Ehemuffel von der Union
Die von der SPD geforderte Ehe für alle scheitert im Koalitionsausschuss am Widerstand von CDU und CSU
Längst gibt es auch in den Reihen der Union Befürworter der Gleichstellung von homosexuellen Paaren. Gegen die Ehe für alle stemmen sich CDU/CSU dennoch. In vielen Bereichen hat sich die CDU in den letzten Jahren modernisiert, sich den Realitäten und dem Zeitgeist angepasst. Doch bei der Gleichstellung von Homosexuellen tut sich die Union schwer. Das zeigte sich auch beim Koalitionsgipfel. Die Union sperrte sich vehement gegen die von der SPD geforderte Ehe für alle. Im entsprechenden Gesetzentwurf aus der SPD-Bundestagsfraktion heißt es: »Künftig soll die Ehe auch gleichgeschlechtlichen Paaren offenstehen.« Das liest sich wie eine fol- gerichtige Umsetzung des Koalitionsvertrages aus dem Jahre 2013. Darin versprechen beide Seiten: »Rechtliche Regelungen, die gleichgeschlechtliche Lebenspartnerschaften schlechter stellen, werden wir beseitigen.«
Doch die Union will den letzten Schritt nicht gehen und verweist stattdessen immer wieder auf bereits Erreichtes: Tatsächlich hat auch die Union in den letzten Jahren zahlreiche Erleichterungen für gleichgeschlechtliche Paare mitgetragen, auch wenn das Bundesverfassungsgericht diese zuvor einfordern musste. Mittlerweile sind schwul-lesbische Partnerschaften etwa beim Ehegattensplitting, der Hinterbliebenenversorgung oder der Erbschaftssteuer weitgehend gleichgestellt. Aber an den heiligen Bund der Ehe traut man sich nicht ran. Wohl auch aus Rücksicht auf die Fundamentalisten in den eigenen Reihen.
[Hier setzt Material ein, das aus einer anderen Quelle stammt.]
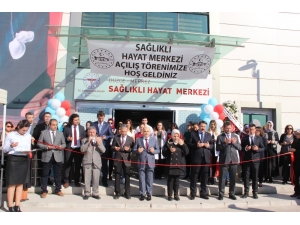 Sağlıklı Hayat Merkezi Açıldı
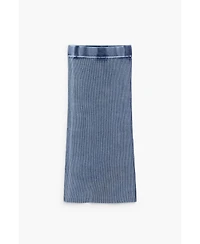 Desigual Women's Long Knit Skirt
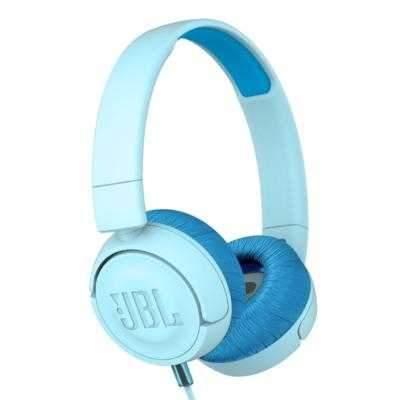 jbl jr300 kids on ear headphones blue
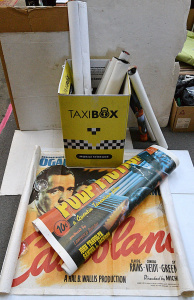Lot 065 - Group of vintage and repro inc large 1980s Casablanca (Italian issue,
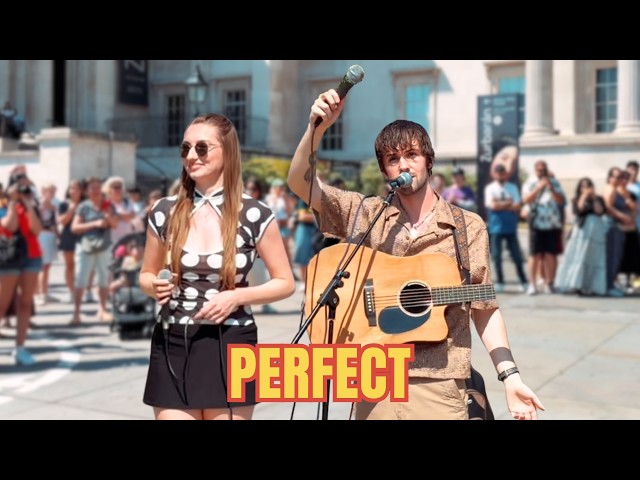I Invited a STRANGER To Sing "Perfect"… Then THIS Happened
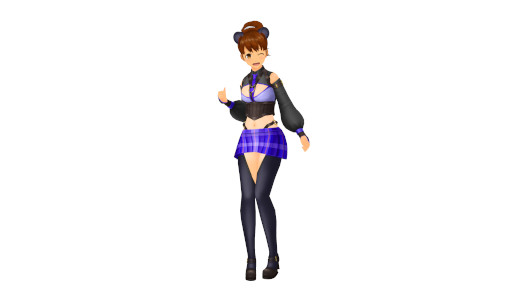 画像ギャラリー No.005のサムネイル画像 / 「スクールガールストライカーズ2」限定コスチューム“山ガール”が登場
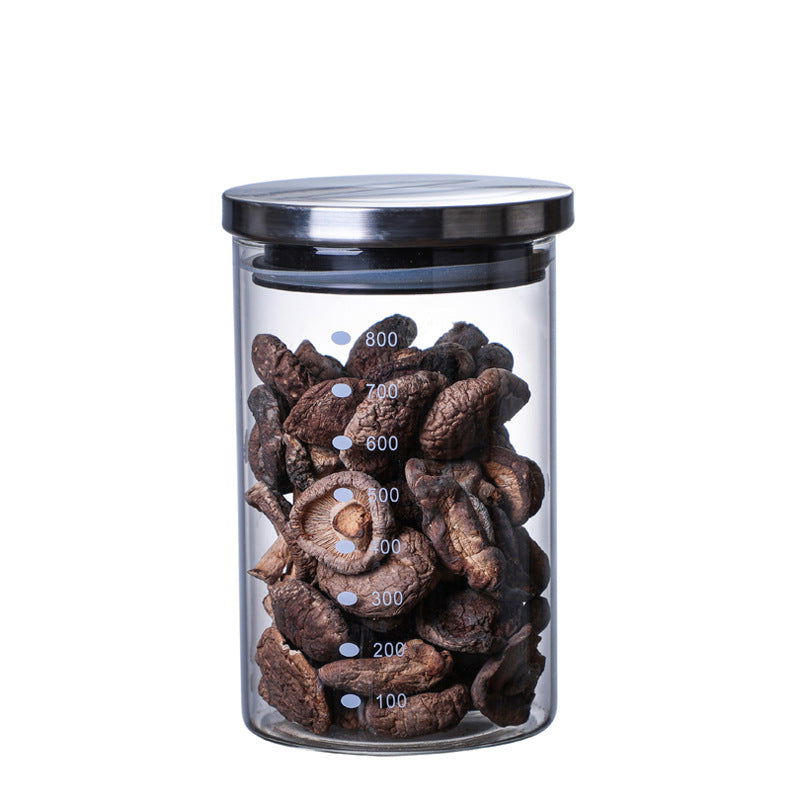 Glass Storage Airtight Jar - Cupify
CDU-Fraktionschef Volker Kauder hatte bereits vor dem Treffen der Koalitionsspitzen klargestellt: »Wir werden dieses Ansinnen der SPD natürlich nicht jetzt kurz vor Abschluss dieser Legislaturperiode machen.« Für ihn und viele in seiner Fraktion sei die Ehe die Verbindung von Frau und Mann.
Das sehen aber nicht alle in der Fraktion so. Der Berliner CDU-Abgeordnete Jan-Marco Luczak hat sich mehrfach für eine Freigabe der Ehe ausgesprochen: Wenn Menschen füreinander Verantwortung übernehmen wollten, »dann sollten wir das anerkennen, ganz unabhängig vom Geschlecht. Deshalb werbe ich in der CDU für eine Öffnung der Ehe«, so Luczak. Allerdings hatte sich sein Berliner Landesverband im Juli 2015 gegen die Homo-Ehe ausgesprochen.
Auch der CDU-Haushaltsexperte Jens Spahn gilt als Befürworter der Ehe für alle. In einem Interview mit der »Welt« hatte das CDU-Präsidiumsmitglied seine Position klar gemacht: »Die Schwulen und Lesben möchten genau das, was uns als CDU wichtig ist: Verlässlichkeit und Verbindlichkeit. Es ist eine Wertedebatte und die sollten wir mutig und selbstbewusst führen.« Spahn machte in dem Interview auch deutlich, dass es in der Debatte um mehr geht als um Eheschließungen für lesbische und schwule Paare. »Es geht um die Anschlussfähigkeit der CDU an eine moderne bürgerliche Gesellschaft«, unterstrich Spahn. Somit verschreckt die Union nicht nur einen Teil ihrer po- tenziellen Wählerschaft, sie liefert zudem der SPD ein dankbares Wahlkampfthema.
Die Sozialdemokraten hatten die Homo-Ehe überraschend auf die Agenda des Koalitionsgipfels gesetzt, um die Union vorzuführen. Der neue SPD-Chef Martin Schulz hatte bereits angekündigt, mit dem Versprechen der Ehe für alle in den Wahlkampf ziehen zu wollen.
Unionsfraktionschef Kauder sagte denn auch am Dienstag mit Blick auf den SPD-Vorstoß: Offensichtlich sei dies ein Versuch, Wahlkampf zu betreiben. »Nach dem letzten Wochenende kann ich dazu nur sagen: Dann auf, macht damit Wahlkampf«, sagte Kauder in Anspielung auf die Saarland-Wahl. Doch auch die CDU wird sich wohl bald den gesellschaftlichen Realitäten fügen müssen.